Sejujurnya, aku sangat senang dengan hal itu. Sangat mengasyikkan dapat mendengar mereka berargumentasi menggunakan kitab sucinya.
Namun bagaimana dengan perasaan Pdt. Anggra yang menyaksikan itu semua? Apa yang ada dalam benaknya saat tahu kuatnya resistensi dalam forum tersebut?
Aku memilih membiarkannya, tidak menanyakannya secara khusus saat diskusi usai. Yang justru aku sampaikan adalah rasa senangku melihat kampus ini kembali dikunjungi pendeta GKJW.
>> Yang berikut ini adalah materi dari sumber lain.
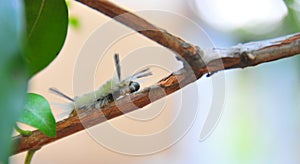 White Fuzzy Caterpillar with Black Tufts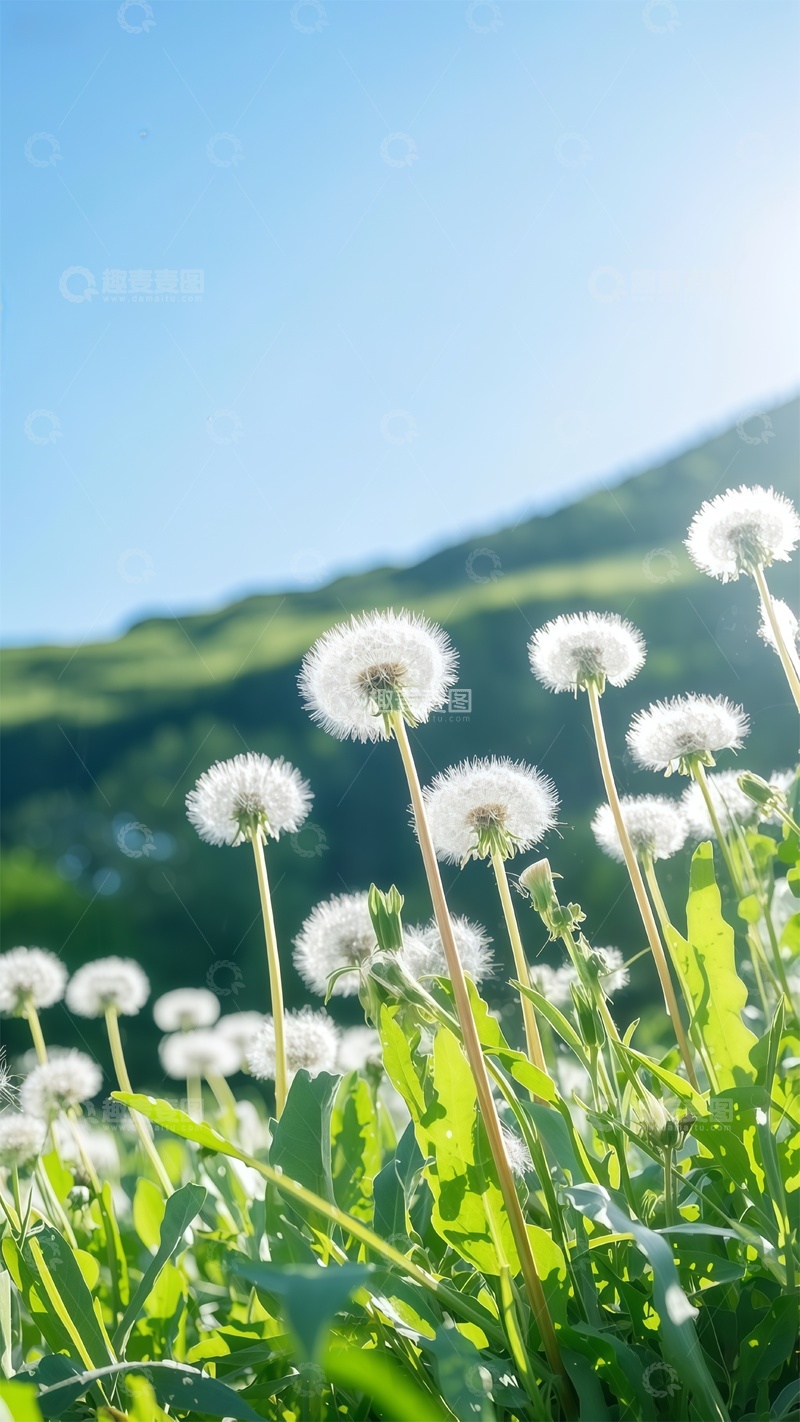 高清大图下载【趣麦麦图】蒲公英田野风光摄影作品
"Tahukah kamu kapan terakhir kali pendeta GKJW mengisi acara di kampus ini?" tanyaku
"Kapan, gus?" tanyanya pendek
"Sekitar tahun 2011 atau 2012. Saat itu Nicky yang ke sini," ujarku sembari mengantarkan Anggra ke mobil.
Pelan-pelan kendaraan itu ditelan gelapnya kampus. Balik ke GKJW Mutersari. Thank you Anggra.